Sejarah Dunia: Pesta Liar Era Romawi dan Yunani Kuno, Seberapa Buruk?

By Ade S, Minggu, 16 Juni 2024 | 18:03 WIB
Bacchanal dengan tong anggur (c. 1475) oleh Andrea Mantegna. Apakah pesta liar bernuansa seksual benar-benar terjadi pada era Romawi dan Yunani Kuno? Jika, ya, seperti apa wujudnya? (Andrea Mantegna)

Nationalgeographic.co.id—Imajinasi tentang pesta liar yang bernuansa seksual sering kali muncul ketika membicarakan era Romawi dan Yunani Kuno.

Hal ini terutama terjadi karena banyaknya buku atau film yang menggambarkan adegan-adegan tersebut.

Namun, benarkah pesta liar tersebut benar-benar terjadi pada dua era kuno tersebut?
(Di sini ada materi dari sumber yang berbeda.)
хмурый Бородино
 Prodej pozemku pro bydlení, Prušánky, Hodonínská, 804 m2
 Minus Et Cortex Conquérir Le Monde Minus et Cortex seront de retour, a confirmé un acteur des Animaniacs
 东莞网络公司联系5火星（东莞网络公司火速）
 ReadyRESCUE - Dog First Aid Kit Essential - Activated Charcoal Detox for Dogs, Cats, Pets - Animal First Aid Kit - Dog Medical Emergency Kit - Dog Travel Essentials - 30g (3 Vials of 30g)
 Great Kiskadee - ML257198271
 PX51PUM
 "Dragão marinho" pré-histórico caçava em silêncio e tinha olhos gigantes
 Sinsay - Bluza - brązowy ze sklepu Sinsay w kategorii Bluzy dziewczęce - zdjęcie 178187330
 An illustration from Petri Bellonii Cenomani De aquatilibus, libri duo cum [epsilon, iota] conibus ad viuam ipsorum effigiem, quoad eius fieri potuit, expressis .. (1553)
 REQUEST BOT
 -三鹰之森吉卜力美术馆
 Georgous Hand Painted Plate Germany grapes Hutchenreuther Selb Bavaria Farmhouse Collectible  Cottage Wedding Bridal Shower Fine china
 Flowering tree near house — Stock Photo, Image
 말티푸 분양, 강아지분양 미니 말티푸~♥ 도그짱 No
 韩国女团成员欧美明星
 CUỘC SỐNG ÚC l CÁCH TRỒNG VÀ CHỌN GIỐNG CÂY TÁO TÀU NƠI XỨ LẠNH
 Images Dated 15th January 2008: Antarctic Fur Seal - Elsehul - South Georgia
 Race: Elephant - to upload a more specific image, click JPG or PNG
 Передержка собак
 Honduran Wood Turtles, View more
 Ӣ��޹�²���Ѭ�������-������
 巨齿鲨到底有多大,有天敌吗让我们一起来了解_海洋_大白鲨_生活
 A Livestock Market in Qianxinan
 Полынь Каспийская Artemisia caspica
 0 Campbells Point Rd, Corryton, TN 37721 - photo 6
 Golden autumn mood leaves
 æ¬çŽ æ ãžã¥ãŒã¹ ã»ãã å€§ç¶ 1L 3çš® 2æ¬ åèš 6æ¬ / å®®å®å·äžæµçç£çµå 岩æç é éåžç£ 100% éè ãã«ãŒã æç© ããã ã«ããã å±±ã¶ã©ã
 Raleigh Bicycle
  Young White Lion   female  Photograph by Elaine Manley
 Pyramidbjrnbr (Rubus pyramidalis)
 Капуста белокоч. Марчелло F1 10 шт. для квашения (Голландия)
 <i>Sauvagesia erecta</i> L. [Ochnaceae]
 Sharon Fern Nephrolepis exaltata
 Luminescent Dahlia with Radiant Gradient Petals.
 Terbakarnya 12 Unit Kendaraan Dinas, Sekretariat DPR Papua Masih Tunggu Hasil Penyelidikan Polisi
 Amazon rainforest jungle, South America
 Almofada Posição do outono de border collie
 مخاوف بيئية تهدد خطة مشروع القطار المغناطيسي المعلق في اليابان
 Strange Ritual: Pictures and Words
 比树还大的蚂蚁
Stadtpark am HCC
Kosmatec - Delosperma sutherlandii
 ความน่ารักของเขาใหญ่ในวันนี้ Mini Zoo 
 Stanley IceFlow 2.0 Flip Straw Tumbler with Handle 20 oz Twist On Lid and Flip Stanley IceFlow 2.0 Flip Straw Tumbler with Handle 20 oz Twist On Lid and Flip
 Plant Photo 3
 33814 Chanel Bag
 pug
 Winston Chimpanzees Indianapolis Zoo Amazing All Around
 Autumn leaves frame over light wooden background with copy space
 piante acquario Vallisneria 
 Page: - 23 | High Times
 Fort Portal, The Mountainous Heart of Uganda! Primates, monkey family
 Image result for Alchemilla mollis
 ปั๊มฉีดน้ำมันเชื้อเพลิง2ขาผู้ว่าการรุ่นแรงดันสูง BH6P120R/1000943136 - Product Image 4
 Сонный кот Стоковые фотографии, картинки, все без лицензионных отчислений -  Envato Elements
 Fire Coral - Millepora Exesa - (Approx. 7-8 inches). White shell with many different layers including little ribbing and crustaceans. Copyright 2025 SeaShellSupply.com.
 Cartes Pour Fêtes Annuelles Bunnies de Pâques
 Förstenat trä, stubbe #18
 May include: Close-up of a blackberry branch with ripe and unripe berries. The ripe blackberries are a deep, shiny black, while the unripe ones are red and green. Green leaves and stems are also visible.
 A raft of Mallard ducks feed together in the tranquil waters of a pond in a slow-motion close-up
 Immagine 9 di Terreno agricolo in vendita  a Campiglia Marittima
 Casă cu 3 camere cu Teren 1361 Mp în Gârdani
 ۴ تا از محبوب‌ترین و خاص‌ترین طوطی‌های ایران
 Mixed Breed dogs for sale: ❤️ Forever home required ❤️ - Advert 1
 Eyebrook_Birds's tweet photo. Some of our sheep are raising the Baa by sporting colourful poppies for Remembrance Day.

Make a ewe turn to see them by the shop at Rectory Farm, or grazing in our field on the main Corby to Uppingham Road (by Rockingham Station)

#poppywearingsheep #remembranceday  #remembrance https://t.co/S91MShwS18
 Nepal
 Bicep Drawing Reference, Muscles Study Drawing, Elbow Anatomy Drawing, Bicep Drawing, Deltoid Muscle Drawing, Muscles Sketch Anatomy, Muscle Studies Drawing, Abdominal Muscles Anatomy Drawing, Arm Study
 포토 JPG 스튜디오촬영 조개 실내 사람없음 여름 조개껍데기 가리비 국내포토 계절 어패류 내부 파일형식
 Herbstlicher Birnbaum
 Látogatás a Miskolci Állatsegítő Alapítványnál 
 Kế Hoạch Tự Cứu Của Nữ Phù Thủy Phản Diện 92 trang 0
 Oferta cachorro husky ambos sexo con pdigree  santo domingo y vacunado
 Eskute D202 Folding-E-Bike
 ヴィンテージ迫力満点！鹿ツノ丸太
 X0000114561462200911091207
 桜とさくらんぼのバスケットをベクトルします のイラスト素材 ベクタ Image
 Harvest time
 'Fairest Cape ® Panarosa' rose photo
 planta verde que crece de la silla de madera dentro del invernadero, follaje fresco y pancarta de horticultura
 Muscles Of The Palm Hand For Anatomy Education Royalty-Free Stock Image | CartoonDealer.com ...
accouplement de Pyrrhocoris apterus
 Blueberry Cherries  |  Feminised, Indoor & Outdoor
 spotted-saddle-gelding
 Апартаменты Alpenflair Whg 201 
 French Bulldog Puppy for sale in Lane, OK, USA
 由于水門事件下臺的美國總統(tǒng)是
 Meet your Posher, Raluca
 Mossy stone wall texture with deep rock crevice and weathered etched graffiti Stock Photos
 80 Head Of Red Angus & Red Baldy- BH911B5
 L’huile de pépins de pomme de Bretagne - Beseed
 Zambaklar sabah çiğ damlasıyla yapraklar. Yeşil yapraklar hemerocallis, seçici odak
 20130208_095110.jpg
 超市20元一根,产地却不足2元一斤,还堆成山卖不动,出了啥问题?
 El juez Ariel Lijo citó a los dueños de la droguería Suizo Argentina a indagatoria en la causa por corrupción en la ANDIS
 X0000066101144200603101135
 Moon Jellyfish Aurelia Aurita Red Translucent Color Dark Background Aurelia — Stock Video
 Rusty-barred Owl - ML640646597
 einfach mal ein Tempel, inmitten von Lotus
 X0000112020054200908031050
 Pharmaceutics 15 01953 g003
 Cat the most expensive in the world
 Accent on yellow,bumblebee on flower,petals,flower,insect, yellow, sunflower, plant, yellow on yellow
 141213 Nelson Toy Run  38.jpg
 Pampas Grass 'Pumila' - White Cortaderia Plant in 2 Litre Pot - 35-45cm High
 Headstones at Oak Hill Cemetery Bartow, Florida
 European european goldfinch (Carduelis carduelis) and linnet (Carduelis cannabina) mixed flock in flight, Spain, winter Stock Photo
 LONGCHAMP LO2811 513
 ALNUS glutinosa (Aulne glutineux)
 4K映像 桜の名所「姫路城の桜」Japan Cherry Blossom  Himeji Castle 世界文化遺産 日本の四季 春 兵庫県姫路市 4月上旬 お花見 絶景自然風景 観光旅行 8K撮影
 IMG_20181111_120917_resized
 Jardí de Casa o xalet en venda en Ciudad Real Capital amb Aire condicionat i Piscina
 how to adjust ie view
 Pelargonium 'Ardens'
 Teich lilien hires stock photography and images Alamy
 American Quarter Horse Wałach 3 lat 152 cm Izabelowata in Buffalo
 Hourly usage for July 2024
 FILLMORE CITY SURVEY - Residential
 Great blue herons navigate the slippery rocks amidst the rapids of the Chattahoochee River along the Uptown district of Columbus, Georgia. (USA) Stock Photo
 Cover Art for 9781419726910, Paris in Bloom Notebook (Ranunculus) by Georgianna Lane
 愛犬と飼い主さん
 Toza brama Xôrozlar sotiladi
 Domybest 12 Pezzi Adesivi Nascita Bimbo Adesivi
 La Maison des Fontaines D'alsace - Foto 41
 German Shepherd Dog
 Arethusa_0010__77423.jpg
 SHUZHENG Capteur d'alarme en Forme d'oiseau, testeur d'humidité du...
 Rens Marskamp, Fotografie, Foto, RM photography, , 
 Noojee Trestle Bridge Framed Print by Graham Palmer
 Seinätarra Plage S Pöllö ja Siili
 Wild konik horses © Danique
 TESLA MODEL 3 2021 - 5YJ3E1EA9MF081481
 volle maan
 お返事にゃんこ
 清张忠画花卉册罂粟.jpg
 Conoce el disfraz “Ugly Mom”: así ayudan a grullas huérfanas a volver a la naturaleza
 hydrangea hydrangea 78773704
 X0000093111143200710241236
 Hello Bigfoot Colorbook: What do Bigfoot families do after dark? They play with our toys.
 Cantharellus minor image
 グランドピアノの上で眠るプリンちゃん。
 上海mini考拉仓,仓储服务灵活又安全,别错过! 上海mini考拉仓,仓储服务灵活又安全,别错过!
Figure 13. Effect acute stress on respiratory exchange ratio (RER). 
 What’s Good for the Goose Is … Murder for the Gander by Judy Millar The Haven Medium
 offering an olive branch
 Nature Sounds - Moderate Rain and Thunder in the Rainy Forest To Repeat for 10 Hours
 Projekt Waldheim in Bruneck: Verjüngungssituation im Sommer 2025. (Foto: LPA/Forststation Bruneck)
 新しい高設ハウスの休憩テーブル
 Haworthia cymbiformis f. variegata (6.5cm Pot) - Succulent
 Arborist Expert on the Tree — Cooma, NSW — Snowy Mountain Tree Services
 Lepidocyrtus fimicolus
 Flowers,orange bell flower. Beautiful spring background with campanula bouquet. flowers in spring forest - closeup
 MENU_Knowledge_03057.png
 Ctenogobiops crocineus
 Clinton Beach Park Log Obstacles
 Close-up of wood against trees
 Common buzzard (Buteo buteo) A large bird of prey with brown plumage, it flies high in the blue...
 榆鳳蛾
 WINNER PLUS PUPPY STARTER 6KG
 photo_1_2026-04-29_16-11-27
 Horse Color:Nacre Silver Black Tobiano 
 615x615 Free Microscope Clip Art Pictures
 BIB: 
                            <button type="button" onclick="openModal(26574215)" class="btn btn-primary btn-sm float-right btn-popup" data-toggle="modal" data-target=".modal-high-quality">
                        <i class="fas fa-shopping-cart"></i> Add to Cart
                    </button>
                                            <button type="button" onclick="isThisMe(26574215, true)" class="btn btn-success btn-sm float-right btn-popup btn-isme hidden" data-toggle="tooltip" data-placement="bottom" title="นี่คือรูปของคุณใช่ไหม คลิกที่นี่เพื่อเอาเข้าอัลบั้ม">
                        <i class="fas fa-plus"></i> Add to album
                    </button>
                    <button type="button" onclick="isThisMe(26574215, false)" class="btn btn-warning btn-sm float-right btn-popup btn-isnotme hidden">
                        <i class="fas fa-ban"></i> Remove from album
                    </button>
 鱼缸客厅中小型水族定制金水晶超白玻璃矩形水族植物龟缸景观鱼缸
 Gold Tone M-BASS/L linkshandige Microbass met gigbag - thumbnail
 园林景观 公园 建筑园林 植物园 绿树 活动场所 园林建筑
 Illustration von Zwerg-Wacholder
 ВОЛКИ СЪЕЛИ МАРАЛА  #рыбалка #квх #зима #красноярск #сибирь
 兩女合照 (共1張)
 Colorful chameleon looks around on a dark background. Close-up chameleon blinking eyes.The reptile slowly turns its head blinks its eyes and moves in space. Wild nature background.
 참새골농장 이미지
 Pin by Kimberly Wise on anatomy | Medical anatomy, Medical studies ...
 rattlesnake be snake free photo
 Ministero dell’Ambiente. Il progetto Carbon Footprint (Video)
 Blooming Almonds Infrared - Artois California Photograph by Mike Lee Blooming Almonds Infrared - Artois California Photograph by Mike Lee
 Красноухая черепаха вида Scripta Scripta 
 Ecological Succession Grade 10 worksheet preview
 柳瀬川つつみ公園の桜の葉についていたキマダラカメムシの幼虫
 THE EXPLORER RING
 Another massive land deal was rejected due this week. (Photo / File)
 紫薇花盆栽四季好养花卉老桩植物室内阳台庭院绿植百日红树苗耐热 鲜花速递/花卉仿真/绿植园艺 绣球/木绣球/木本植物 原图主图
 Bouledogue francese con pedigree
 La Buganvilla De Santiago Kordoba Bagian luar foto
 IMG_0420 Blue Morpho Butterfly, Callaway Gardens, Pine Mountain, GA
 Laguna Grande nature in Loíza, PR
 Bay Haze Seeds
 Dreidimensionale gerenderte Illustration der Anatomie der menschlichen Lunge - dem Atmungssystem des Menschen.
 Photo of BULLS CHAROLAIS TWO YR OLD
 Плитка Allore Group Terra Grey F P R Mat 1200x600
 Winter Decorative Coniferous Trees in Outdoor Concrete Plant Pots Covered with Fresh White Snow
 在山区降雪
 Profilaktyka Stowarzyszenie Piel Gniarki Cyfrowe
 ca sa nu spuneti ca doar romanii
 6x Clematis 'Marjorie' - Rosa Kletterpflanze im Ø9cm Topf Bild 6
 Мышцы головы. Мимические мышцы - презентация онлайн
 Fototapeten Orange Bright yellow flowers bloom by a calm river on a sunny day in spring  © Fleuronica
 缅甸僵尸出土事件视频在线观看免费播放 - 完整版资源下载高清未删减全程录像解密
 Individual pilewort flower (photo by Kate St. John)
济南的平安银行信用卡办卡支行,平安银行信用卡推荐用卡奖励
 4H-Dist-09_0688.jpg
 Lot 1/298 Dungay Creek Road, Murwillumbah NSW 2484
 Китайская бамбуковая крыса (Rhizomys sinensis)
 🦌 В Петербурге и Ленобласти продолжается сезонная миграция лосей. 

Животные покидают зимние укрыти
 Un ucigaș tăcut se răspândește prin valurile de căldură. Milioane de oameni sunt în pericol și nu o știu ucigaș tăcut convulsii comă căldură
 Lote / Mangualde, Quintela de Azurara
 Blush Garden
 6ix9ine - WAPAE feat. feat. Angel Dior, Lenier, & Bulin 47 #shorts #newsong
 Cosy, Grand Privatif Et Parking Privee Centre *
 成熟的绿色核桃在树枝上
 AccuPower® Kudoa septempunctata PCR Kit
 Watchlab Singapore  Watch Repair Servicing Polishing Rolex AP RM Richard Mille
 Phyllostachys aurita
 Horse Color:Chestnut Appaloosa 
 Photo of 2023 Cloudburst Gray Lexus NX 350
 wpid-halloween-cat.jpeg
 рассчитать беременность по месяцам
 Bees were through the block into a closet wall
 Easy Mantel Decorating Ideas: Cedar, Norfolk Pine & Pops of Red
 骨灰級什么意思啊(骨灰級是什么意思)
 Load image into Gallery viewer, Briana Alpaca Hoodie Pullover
Terlebih, benarkah mereka benar-benar menikmati pesta tersebut?

Untuk menemukan jawabannya, mari kita simak ulasan lengkapnya dalam artikel berikut ini.

Ritual Asal Yunani yang Penuh Misteri dan Gairah

Kata "orgy" berasal dari kata Yunani "orgia," yang mengacu pada ritual yang diadakan untuk menghormati dewa seperti Dionysus, di mana pemujaannya merayakan regenerasi alam.

Ritual ini berkaitan dengan apa yang dikenal sebagai "misteri kultus," yaitu serangkaian ritual yang eksklusif bagi inisiator, baik pria maupun wanita, yang telah bersumpah untuk merahasiakan detail-detailnya.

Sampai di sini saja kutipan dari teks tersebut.